EXERCISE MATERIALS
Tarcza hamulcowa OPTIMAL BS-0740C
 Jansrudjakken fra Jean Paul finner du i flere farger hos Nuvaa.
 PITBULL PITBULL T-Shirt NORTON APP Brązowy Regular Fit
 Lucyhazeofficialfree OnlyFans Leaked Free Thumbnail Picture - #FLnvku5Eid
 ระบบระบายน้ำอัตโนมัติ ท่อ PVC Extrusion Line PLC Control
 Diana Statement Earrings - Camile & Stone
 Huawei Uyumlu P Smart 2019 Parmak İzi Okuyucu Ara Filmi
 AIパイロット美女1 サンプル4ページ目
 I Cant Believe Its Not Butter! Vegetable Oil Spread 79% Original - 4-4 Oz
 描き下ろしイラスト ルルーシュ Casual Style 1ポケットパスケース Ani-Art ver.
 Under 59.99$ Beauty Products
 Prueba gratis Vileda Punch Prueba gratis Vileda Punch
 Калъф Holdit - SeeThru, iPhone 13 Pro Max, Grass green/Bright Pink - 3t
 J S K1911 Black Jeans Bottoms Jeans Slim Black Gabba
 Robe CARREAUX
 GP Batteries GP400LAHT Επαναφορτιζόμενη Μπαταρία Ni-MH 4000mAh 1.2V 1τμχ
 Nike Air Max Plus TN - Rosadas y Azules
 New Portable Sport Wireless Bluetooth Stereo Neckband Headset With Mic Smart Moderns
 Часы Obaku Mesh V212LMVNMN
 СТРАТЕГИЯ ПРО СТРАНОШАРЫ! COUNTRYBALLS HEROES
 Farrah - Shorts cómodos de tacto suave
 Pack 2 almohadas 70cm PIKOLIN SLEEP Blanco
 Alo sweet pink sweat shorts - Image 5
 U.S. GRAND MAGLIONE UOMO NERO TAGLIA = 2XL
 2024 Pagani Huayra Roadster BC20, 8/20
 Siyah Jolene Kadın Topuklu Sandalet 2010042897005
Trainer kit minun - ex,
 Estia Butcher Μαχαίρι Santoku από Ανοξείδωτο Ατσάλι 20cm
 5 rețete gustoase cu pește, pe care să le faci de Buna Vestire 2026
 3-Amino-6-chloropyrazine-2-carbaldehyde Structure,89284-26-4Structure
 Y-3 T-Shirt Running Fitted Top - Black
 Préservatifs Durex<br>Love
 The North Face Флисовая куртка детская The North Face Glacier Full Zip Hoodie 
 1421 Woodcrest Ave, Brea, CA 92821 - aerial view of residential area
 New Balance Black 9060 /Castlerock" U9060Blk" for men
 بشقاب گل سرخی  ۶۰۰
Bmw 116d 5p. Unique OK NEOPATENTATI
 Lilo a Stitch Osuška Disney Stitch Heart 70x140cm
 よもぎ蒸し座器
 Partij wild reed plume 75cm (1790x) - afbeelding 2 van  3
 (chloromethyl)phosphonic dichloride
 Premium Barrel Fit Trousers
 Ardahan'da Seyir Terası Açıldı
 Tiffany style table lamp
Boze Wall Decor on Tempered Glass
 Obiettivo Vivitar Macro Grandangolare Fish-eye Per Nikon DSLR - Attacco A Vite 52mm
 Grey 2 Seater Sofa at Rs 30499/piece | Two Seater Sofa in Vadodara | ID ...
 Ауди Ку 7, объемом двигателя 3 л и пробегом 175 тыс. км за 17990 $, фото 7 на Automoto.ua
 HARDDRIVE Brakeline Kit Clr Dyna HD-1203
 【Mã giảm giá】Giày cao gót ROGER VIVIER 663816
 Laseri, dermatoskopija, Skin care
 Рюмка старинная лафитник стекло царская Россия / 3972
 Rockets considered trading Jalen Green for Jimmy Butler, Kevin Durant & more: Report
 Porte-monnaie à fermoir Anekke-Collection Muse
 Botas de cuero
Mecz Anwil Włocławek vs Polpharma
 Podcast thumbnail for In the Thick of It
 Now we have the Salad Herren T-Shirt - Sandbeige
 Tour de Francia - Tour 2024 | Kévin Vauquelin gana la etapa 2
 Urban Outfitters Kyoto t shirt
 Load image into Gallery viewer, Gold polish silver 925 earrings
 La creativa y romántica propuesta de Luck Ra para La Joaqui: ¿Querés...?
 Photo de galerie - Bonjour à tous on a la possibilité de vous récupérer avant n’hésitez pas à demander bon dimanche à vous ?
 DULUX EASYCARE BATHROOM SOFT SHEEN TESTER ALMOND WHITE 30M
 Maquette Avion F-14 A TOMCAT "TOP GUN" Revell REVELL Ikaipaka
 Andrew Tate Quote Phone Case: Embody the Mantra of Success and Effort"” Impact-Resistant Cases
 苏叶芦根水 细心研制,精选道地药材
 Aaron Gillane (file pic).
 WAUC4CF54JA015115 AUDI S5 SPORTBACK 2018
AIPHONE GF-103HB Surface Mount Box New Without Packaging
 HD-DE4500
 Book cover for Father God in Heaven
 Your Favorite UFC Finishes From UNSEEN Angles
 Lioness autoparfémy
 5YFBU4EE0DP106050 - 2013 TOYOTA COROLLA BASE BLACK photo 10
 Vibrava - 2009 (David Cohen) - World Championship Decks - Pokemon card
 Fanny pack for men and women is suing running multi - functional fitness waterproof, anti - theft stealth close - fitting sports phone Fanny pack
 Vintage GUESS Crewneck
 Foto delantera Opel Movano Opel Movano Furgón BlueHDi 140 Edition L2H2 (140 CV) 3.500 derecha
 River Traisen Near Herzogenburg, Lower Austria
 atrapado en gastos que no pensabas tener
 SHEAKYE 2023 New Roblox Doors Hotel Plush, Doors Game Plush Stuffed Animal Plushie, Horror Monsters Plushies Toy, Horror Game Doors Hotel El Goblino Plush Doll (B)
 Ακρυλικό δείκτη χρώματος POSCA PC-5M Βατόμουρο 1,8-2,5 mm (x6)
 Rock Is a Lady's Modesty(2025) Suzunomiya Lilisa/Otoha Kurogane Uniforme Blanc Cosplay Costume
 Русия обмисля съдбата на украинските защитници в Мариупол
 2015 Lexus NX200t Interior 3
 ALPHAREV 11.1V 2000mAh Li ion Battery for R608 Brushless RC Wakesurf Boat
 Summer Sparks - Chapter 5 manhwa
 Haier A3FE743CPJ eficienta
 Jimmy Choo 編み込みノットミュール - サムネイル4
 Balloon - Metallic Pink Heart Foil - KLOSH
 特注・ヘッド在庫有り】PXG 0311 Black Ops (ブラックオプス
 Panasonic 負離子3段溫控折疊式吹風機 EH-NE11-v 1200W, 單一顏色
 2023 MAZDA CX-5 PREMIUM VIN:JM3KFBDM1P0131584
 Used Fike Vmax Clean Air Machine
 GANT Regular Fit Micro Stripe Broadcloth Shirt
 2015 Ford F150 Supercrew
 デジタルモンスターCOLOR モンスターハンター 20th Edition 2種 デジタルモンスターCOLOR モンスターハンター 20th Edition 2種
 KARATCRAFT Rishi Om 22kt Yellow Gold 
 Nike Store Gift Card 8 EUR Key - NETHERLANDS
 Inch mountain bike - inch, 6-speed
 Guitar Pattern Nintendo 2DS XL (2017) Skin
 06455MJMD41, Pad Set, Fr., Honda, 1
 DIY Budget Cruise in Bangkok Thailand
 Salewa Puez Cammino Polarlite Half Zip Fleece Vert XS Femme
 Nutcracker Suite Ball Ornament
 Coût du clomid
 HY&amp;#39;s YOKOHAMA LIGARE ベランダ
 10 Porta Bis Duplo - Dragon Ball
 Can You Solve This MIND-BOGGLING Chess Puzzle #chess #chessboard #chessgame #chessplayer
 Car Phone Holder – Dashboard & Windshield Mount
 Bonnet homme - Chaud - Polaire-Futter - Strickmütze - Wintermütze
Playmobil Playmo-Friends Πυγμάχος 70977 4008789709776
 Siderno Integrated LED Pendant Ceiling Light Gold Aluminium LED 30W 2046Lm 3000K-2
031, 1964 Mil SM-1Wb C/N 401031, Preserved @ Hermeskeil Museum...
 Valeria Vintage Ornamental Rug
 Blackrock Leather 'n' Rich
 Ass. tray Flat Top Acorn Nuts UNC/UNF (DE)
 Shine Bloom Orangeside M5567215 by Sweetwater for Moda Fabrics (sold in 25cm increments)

PROBLEM DETAILS
Would you retype the lines above from the one with "2015 Lexus NX200t Interior 3" down to the one with "Can You Solve", word for word, both ends included and no other lines?

ANSWER AREA
 2015 Lexus NX200t Interior 3
 ALPHAREV 11.1V 2000mAh Li ion Battery for R608 Brushless RC Wakesurf Boat
 Summer Sparks - Chapter 5 manhwa
 Haier A3FE743CPJ eficienta
 Jimmy Choo 編み込みノットミュール - サムネイル4
 Balloon - Metallic Pink Heart Foil - KLOSH
 特注・ヘッド在庫有り】PXG 0311 Black Ops (ブラックオプス
 Panasonic 負離子3段溫控折疊式吹風機 EH-NE11-v 1200W, 單一顏色
 2023 MAZDA CX-5 PREMIUM VIN:JM3KFBDM1P0131584
 Used Fike Vmax Clean Air Machine
 GANT Regular Fit Micro Stripe Broadcloth Shirt
 2015 Ford F150 Supercrew
 デジタルモンスターCOLOR モンスターハンター 20th Edition 2種 デジタルモンスターCOLOR モンスターハンター 20th Edition 2種
 KARATCRAFT Rishi Om 22kt Yellow Gold 
 Nike Store Gift Card 8 EUR Key - NETHERLANDS
 Inch mountain bike - inch, 6-speed
 Guitar Pattern Nintendo 2DS XL (2017) Skin
 06455MJMD41, Pad Set, Fr., Honda, 1
 DIY Budget Cruise in Bangkok Thailand
 Salewa Puez Cammino Polarlite Half Zip Fleece Vert XS Femme
 Nutcracker Suite Ball Ornament
 Coût du clomid
 HY&amp;#39;s YOKOHAMA LIGARE ベランダ
 10 Porta Bis Duplo - Dragon Ball
 Can You Solve This MIND-BOGGLING Chess Puzzle #chess #chessboard #chessgame #chessplayer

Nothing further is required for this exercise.